■ WHAT YOU HAVE TO DO ■
In your copy, reproduce the entries exactly as they are, minus the images.
### DATASET ENTRIES ###
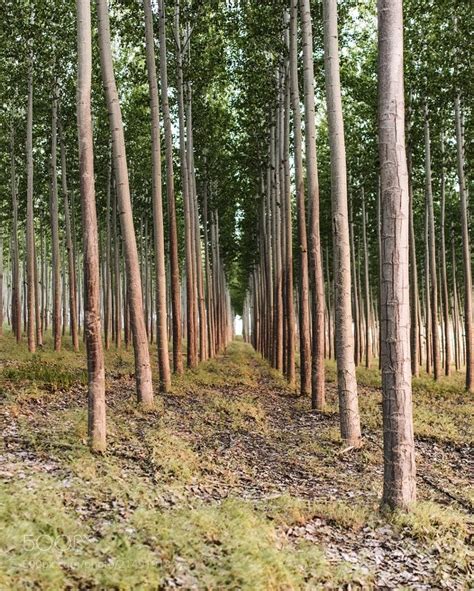 Sunset At Boardman Tree Farm Oregon Tannerwendell 500px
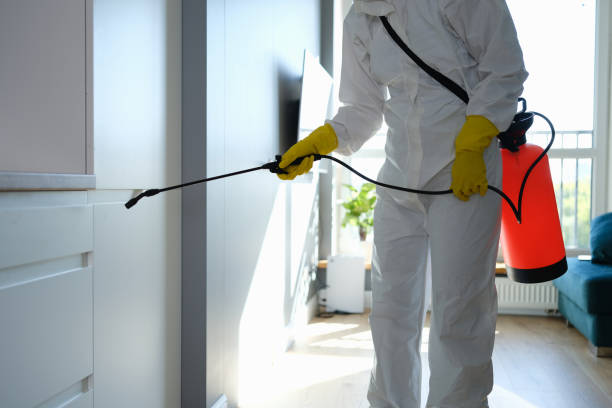 Best Home Mold Removal  in Hampden Sydney, VA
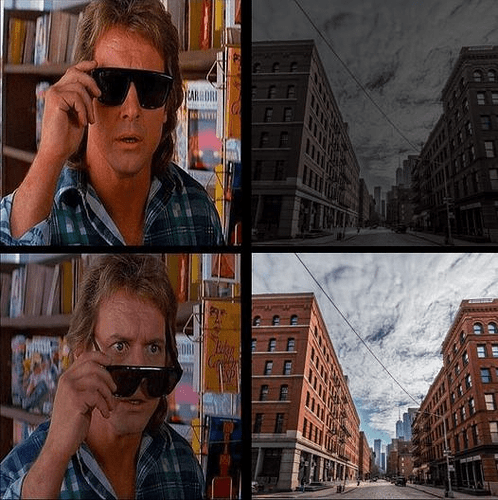 Image: they dont live (526×528 392 KB)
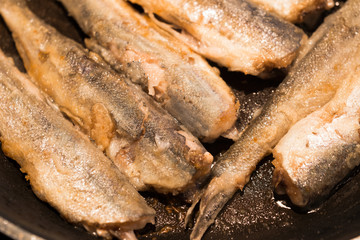 Small Wield Fish fried in pan on electric stove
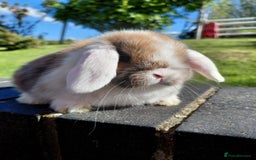 Mini Lop rabbits for sale: Mini Lop buck  - Image 1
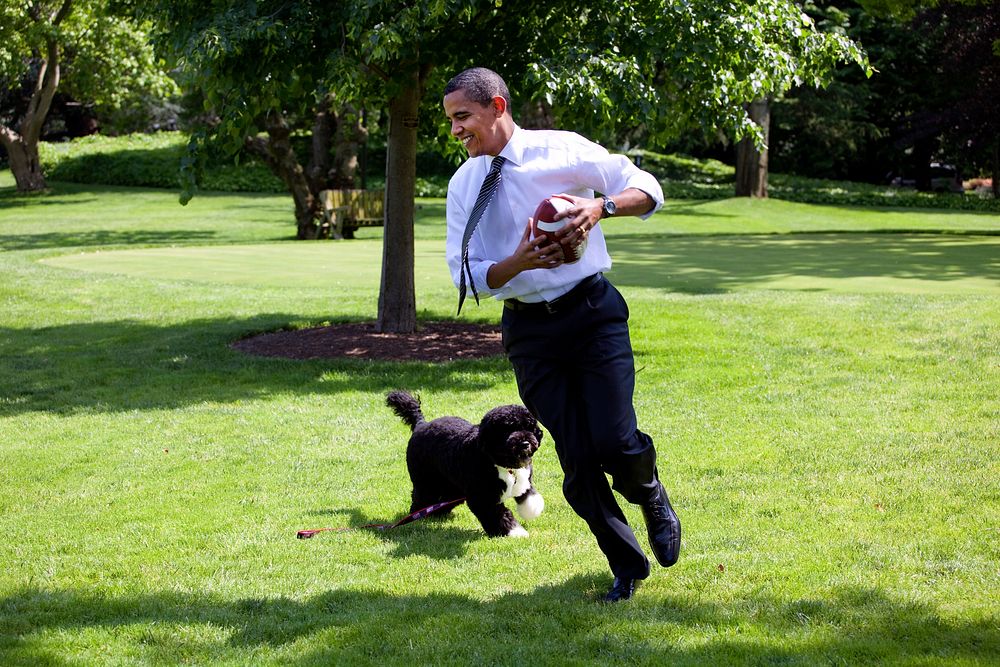 President Barack Obama, runs away from the family dog, Bo, during a brief break from meetings on the South Lawn of the White…
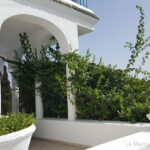 Photo-9 : Maison S3 avec piscine et jardin à Sidi Bou Saïd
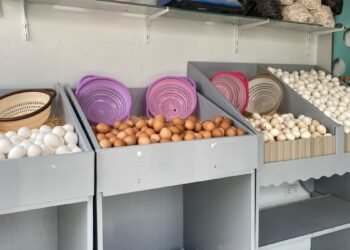 البيض بكام النهارده؟ أرقام جديدة في السوق اليوم السبت 31/1/2026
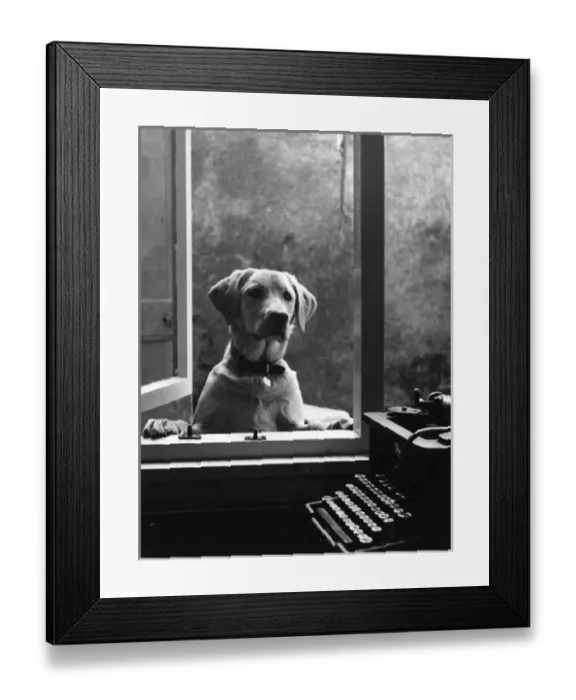 Framed Print : Labrador dog at window, with typewriter, Crediton, Devon Framed Print : Labrador dog at window, with typewriter, Crediton, Devon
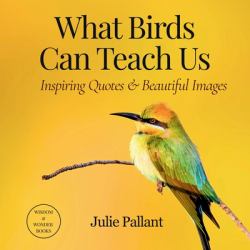 What Birds Can Teach Us : Inspiring Quotes and Beautiful Images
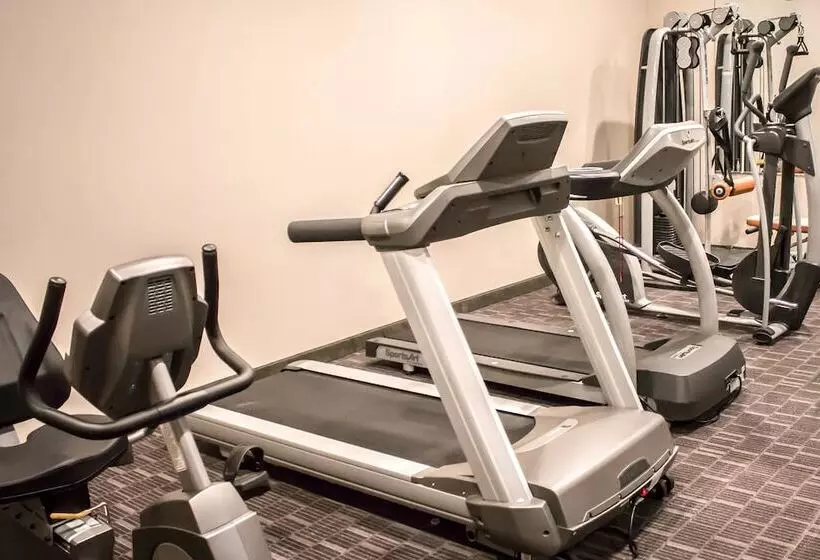 Szálloda Holiday Inn Express & Suites   Albany Airport   Wolf Road, An Ihg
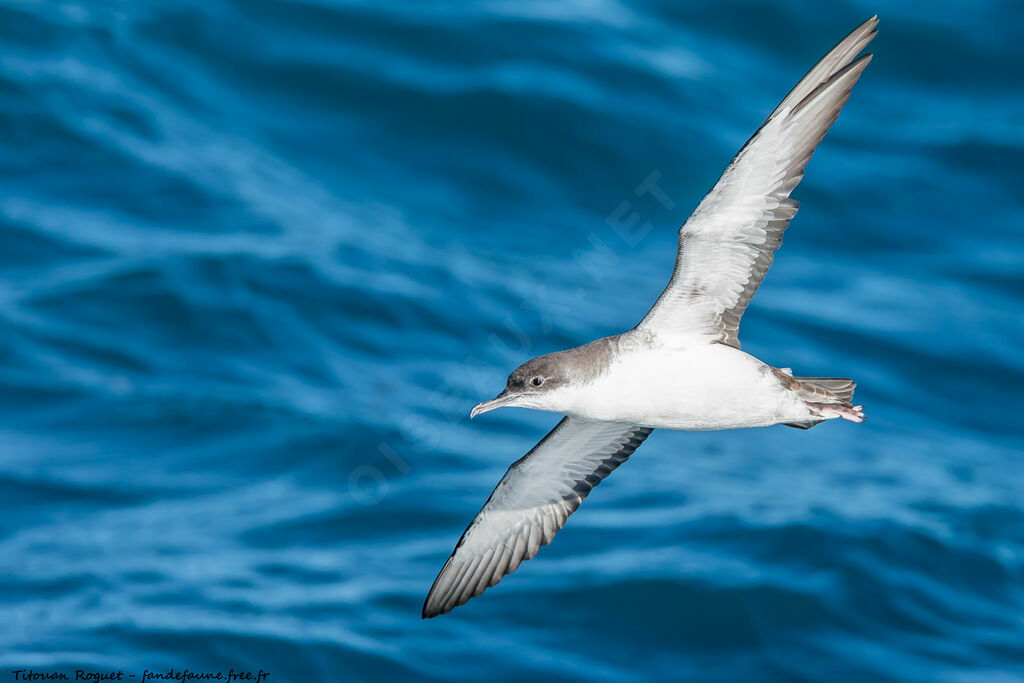 Yelkouan Shearwater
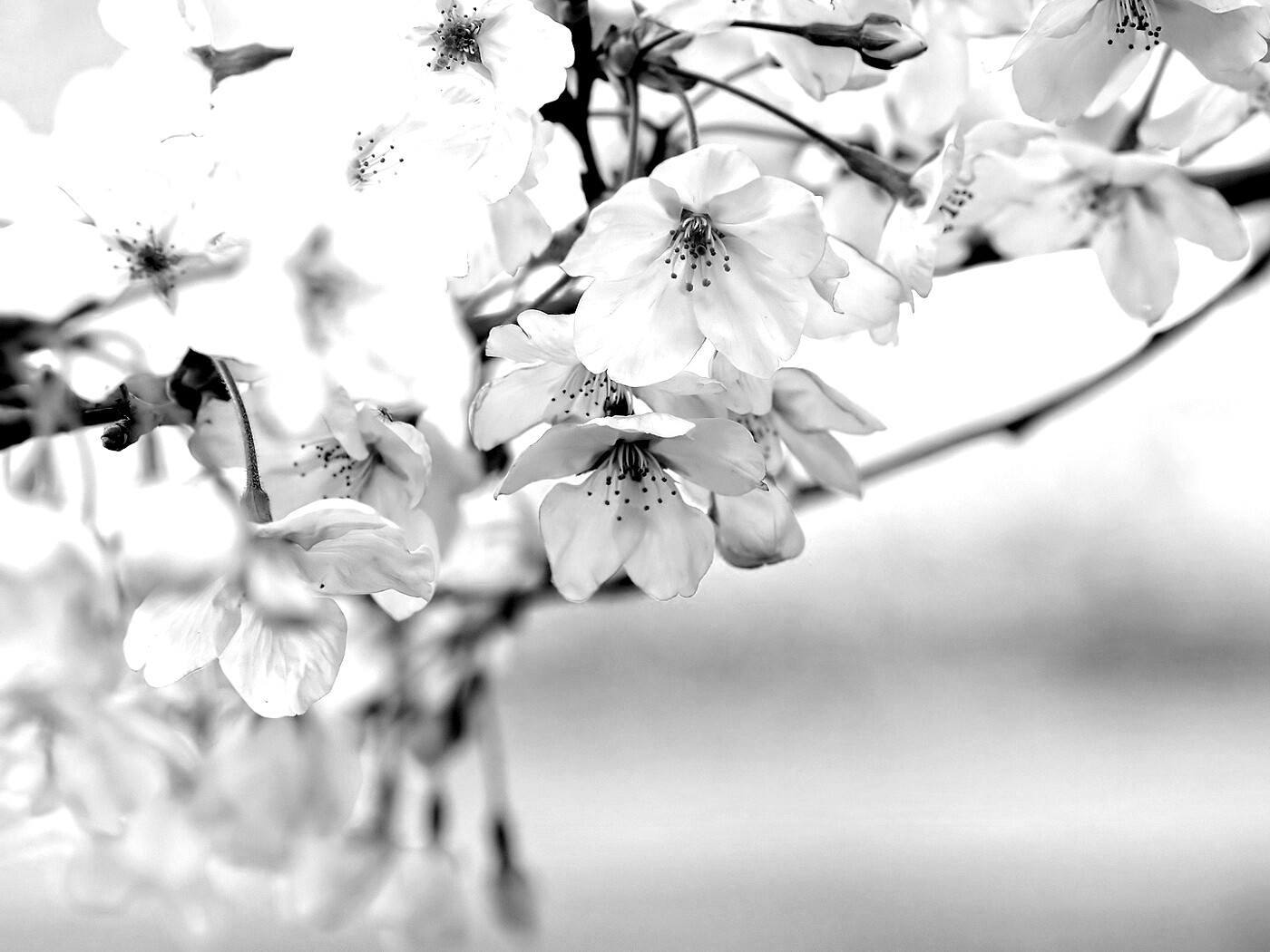 Цветение вишни обои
###
■ THE COMPLETED TASK ■
 Sunset At Boardman Tree Farm Oregon Tannerwendell 500px
 Best Home Mold Removal  in Hampden Sydney, VA
 Image: they dont live (526×528 392 KB)
 Small Wield Fish fried in pan on electric stove
 Mini Lop rabbits for sale: Mini Lop buck  - Image 1
 President Barack Obama, runs away from the family dog, Bo, during a brief break from meetings on the South Lawn of the White…
 Photo-9 : Maison S3 avec piscine et jardin à Sidi Bou Saïd
 البيض بكام النهارده؟ أرقام جديدة في السوق اليوم السبت 31/1/2026
 Framed Print : Labrador dog at window, with typewriter, Crediton, Devon Framed Print : Labrador dog at window, with typewriter, Crediton, Devon
 What Birds Can Teach Us : Inspiring Quotes and Beautiful Images
 Szálloda Holiday Inn Express & Suites   Albany Airport   Wolf Road, An Ihg
 Yelkouan Shearwater
 Цветение вишни обои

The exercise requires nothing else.